**Problem details**
The listing below holds pictures; exclude them. Return exactly the lines from the one with "Two girls laying" through the one with "Quarto com uma".

**Data shown**
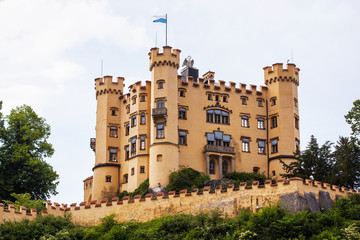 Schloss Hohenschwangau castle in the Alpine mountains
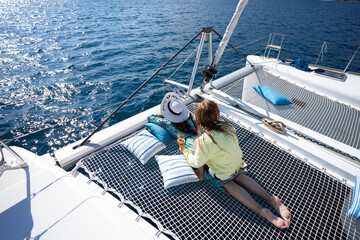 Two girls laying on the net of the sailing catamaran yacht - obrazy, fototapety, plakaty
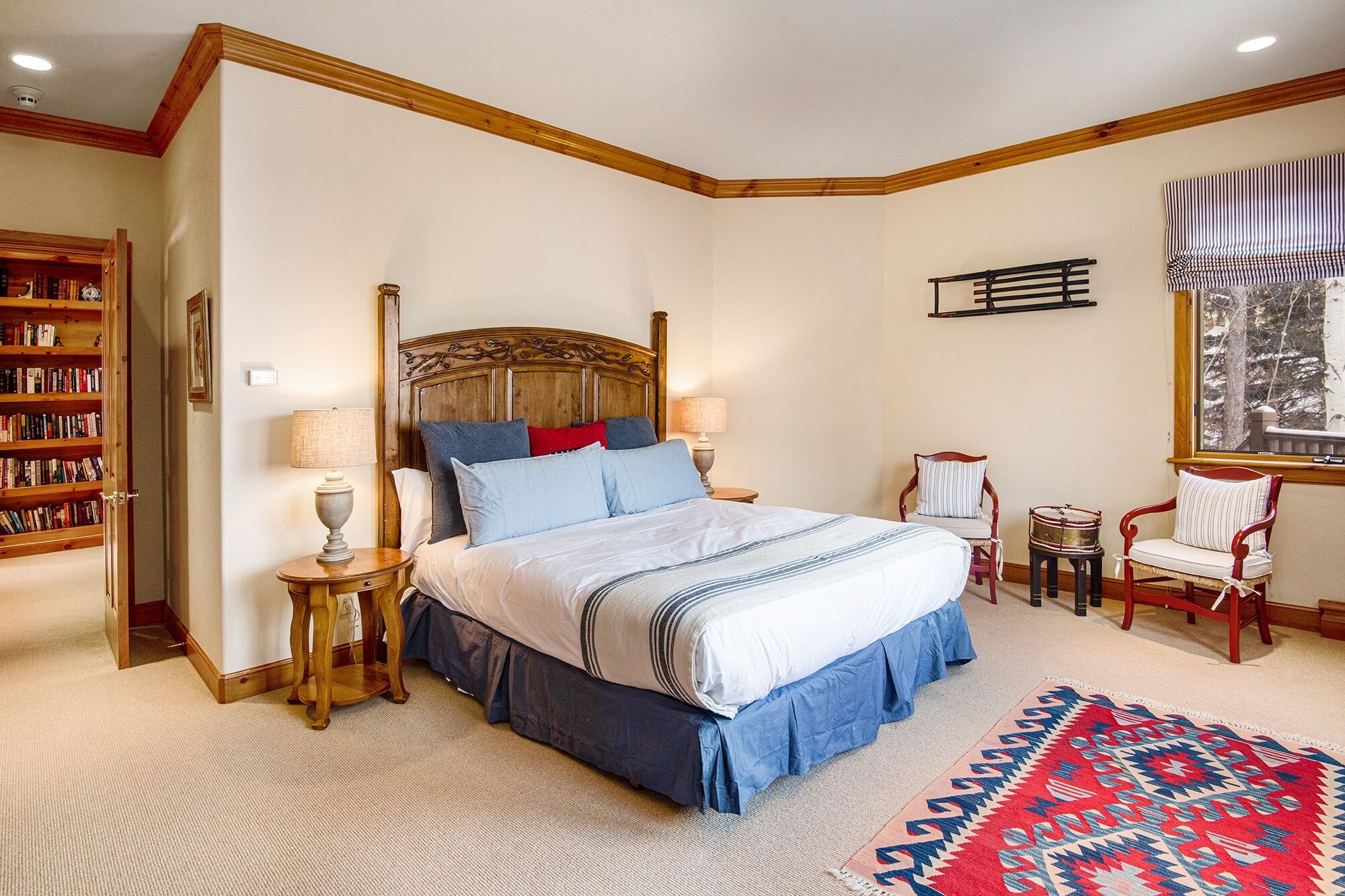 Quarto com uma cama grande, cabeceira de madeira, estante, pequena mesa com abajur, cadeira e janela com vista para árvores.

---

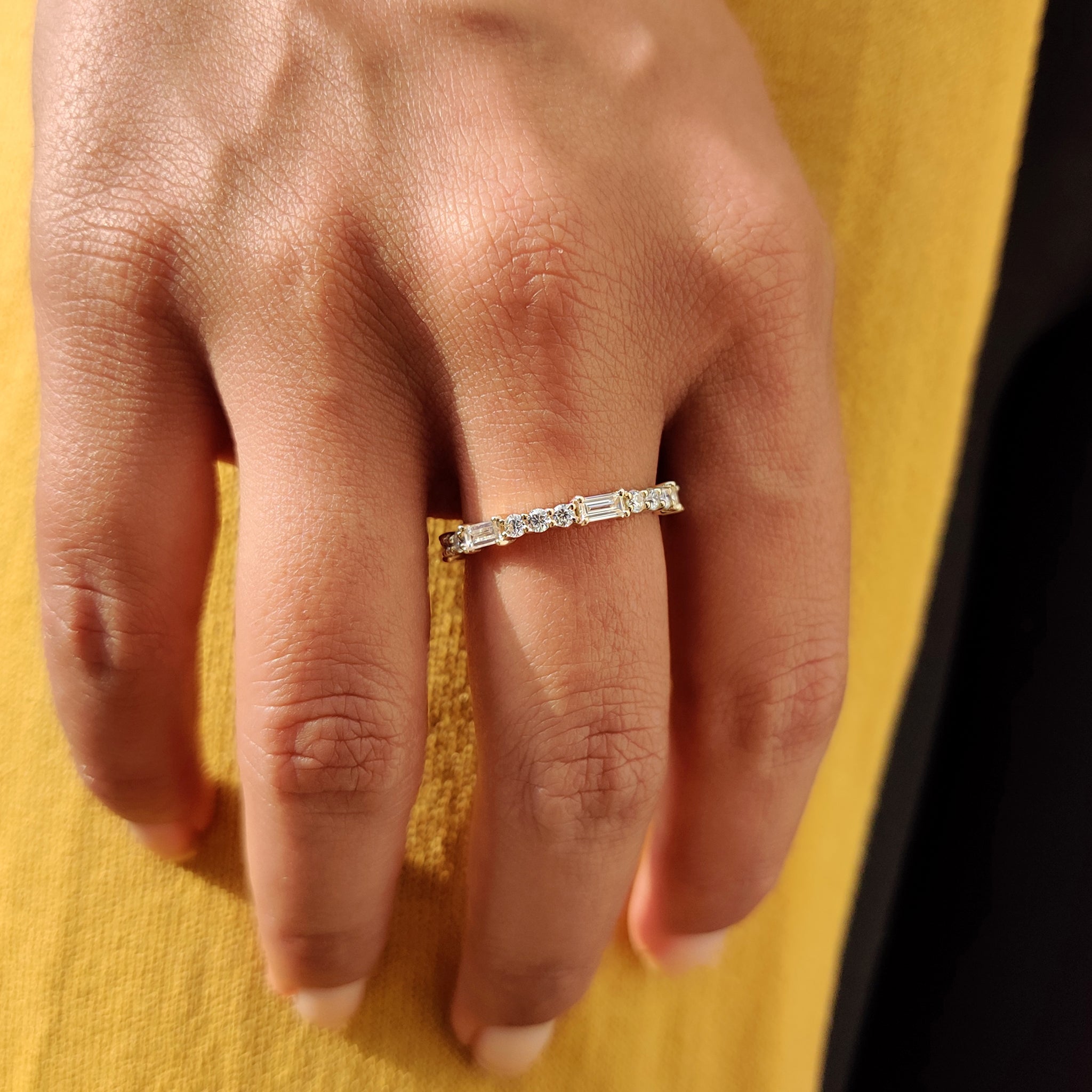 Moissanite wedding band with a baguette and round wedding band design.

**Answer box**
 Two girls laying on the net of the sailing catamaran yacht - obrazy, fototapety, plakaty
 Quarto com uma cama grande, cabeceira de madeira, estante, pequena mesa com abajur, cadeira e janela com vista para árvores.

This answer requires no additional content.